Puberty absolutely ravages most young adults. Rapidly developing bodies, an excess of hormones and a series of troubling changes ranging from the menstrual cycle to body odor creates nothing but turmoil for just about everyone.

Puberty is always extremely relevant, but rarely expressed outside of an awkward health class taken place in a gym. However, Netflix’s adult-centric animated comedy, "Big Mouth," dives into the topic full-force. The second season of this series, centered on awkward middle-school students, features a brazen approach toward puberty and adolescence.

"Big Mouth" allows these sex-crazed characters’ free range to explore the difficult aspects of growing up, all while building sincerity and often-educational messages. Hormone Monsters and Shame Wizards spark chaos within the character's young minds, leading to hilarious montages of uncomfortable actions, fantasies and the occasional musical number.
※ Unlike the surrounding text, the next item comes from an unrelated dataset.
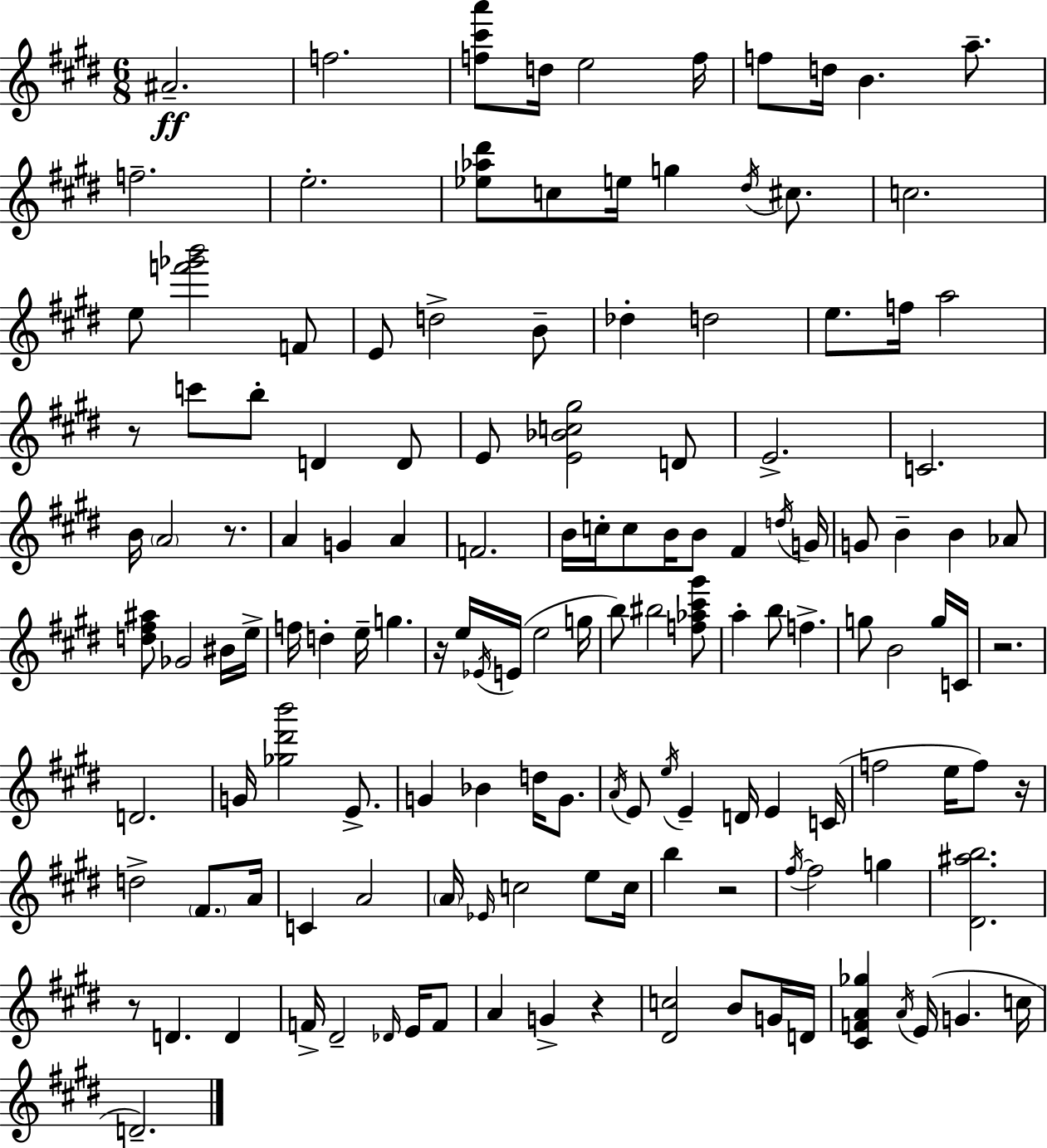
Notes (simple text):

A#4/h. F5/h. [F5,C#6,A6]/e D5/s E5/h F5/s F5/e D5/s B4/q. A5/e. F5/h. E5/h. [Eb5,Ab5,D#6]/e C5/e E5/s G5/q D#5/s C#5/e. C5/h. E5/e [F6,Gb6,B6]/h F4/e E4/e D5/h B4/e Db5/q D5/h E5/e. F5/s A5/h R/e C6/e B5/e D4/q D4/e E4/e [E4,Bb4,C5,G#5]/h D4/e E4/h. C4/h. B4/s A4/h R/e. A4/q G4/q A4/q F4/h. B4/s C5/s C5/e B4/s B4/e F#4/q D5/s G4/s G4/e B4/q B4/q Ab4/e [D5,F#5,A#5]/e Gb4/h BIS4/s E5/s F5/s D5/q E5/s G5/q. R/s E5/s Eb4/s E4/s E5/h G5/s B5/e BIS5/h [F5,Ab5,C#6,G#6]/e A5/q B5/e F5/q. G5/e B4/h G5/s C4/s R/h. D4/h. G4/s [Gb5,D#6,B6]/h E4/e. G4/q Bb4/q D5/s G4/e. A4/s E4/e E5/s E4/q D4/s E4/q C4/s F5/h E5/s F5/e R/s D5/h F#4/e. A4/s C4/q A4/h A4/s Eb4/s C5/h E5/e C5/s B5/q R/h F#5/s F#5/h G5/q [D#4,A#5,B5]/h. R/e D4/q. D4/q F4/s D#4/h Db4/s E4/s F4/e A4/q G4/q R/q [D#4,C5]/h B4/e G4/s D4/s [C#4,F4,A4,Gb5]/q A4/s E4/s G4/q. C5/s D4/h.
Co-created by Nick Kroll and Andrew Goldberg, "Big Mouth" features Kroll as Nick with John Mulaney as his best friend Andrew. Other notable members of the voice cast include Maya Rudolph, Jordan Peele, Fred Armisen, Jenny Slate, Gina Rodriguez and Jessi Klein.

Guest stars like Nathan Fillion, who plays himself, and the outstandingly complex Shame Wizard, portrayed by previous Hogwarts wizard David Thewlis, give this show a gravitas the guests enjoy working with.
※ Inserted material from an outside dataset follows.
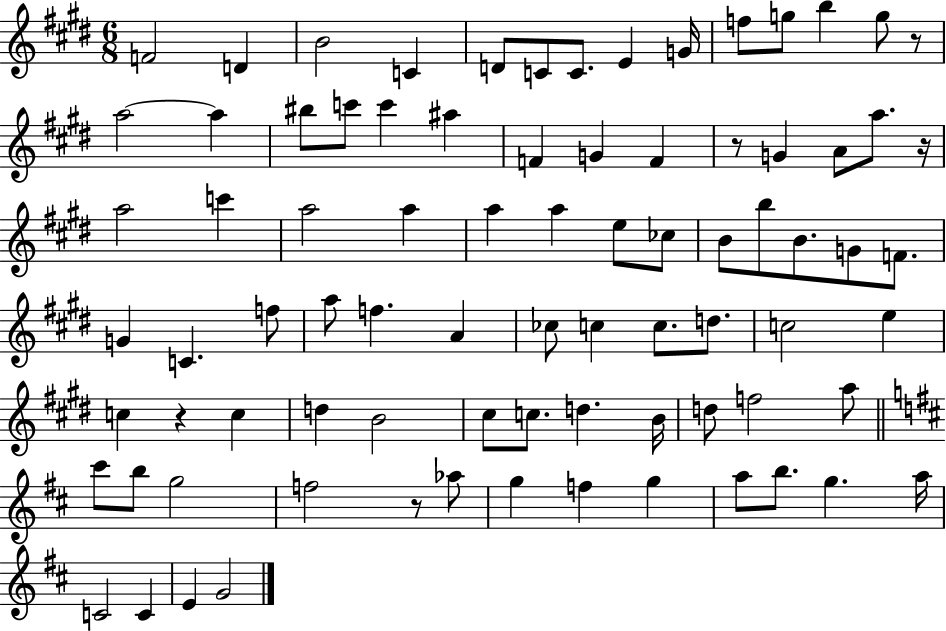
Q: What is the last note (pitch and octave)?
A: G4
Even one-off characters lead to this season's best comedy bits, featuring a smoking sock, a sensitive pitbull named Featuring Ludacris, and a disturbing oven mitt named Bad-Mitten. 
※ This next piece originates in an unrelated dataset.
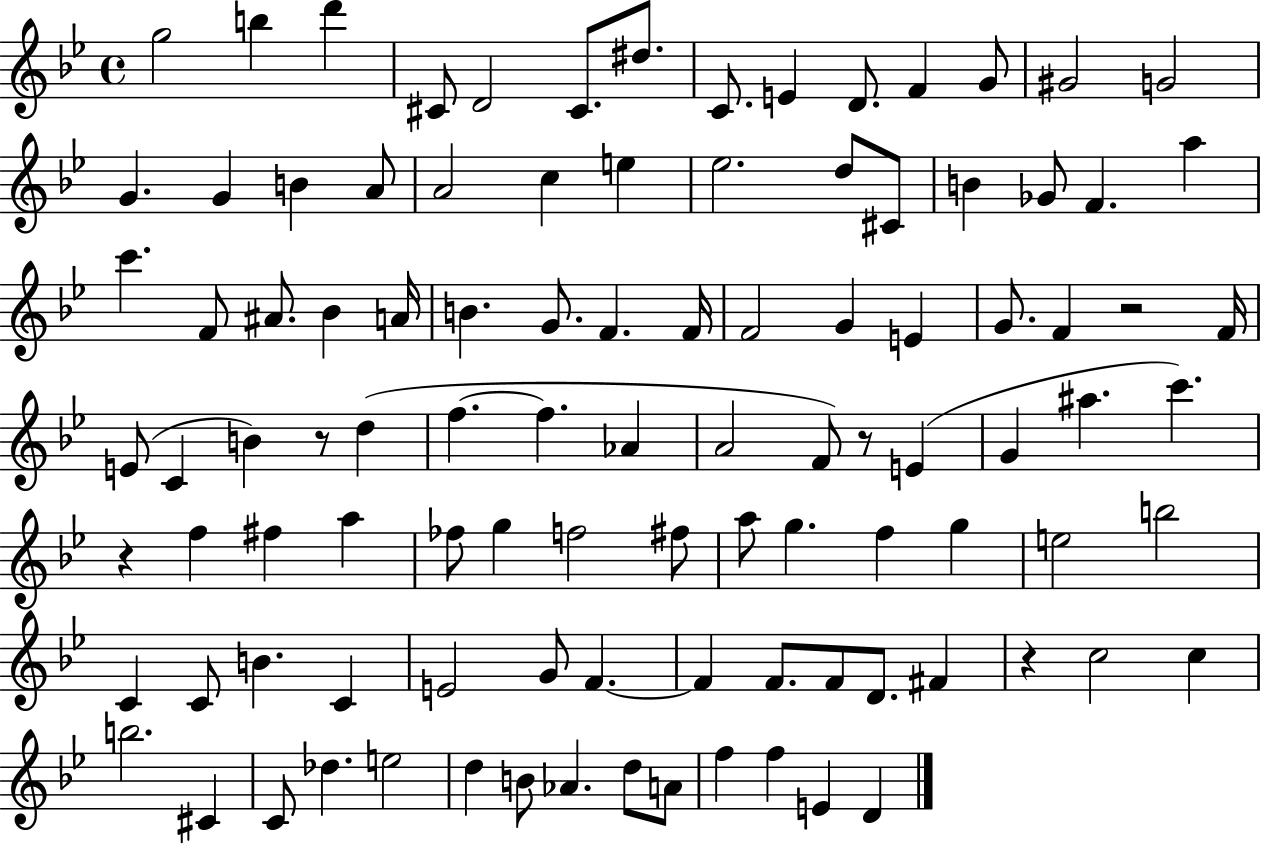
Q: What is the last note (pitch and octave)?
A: D4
The show feels like one of the smartest series available. Most of the characters' flaws are not created by their hormones, but aggravated by them. Ironically, the only level-headed character is Nick, who still does not have a fully-developed hormone monster impacting his every decision.

Andrew's struggle to control his raging hormones leads him to the most depraved actions of the season. Jessie's parents on the verge of divorce causes emotional turmoil, ultimately veering toward a dark path.

Meanwhile, Nick is just trying to understand why he is not developing like his peers.

This barely scratches the surface, and its an impressive feat given this season's short length of roughly five hours.

The writers know exactly what they are doing. Going into this season, there is a newfound comfort in how they approach their material. Being an unrated animated series, the show is unafraid to use graphic or unsettling imagery to convey their message.

Had this series been live-action, most of the humor would have been dialed down to fit the cookie-cutter-safe drama of a CW or FreeForm series. Instead, the series embraces going too far with its subjects to wring out additional meaning and emotional connectivity. Confidently juggling humor with empathy, the show masterfully brings together something special that is sure to please fans of both Mulaney and Kroll. 

The second season is not easy to recommend. The humor can go into some dark and disturbing places when juggling the awkward subject matter. Thankfully, the experiences many people share with the characters keep viewers watching.

While the subject of depression felt tacked on to the final episode, there was enough ground covered to keep the story progressing. Mixed with some absurd humor and moderate character development, everything lends a helping hand to a complete story-arc.

If you have a keen interest to confuse and embarrass your roommate, while also laughing until you cry, "Big Mouth" is currently available to stream on Netflix.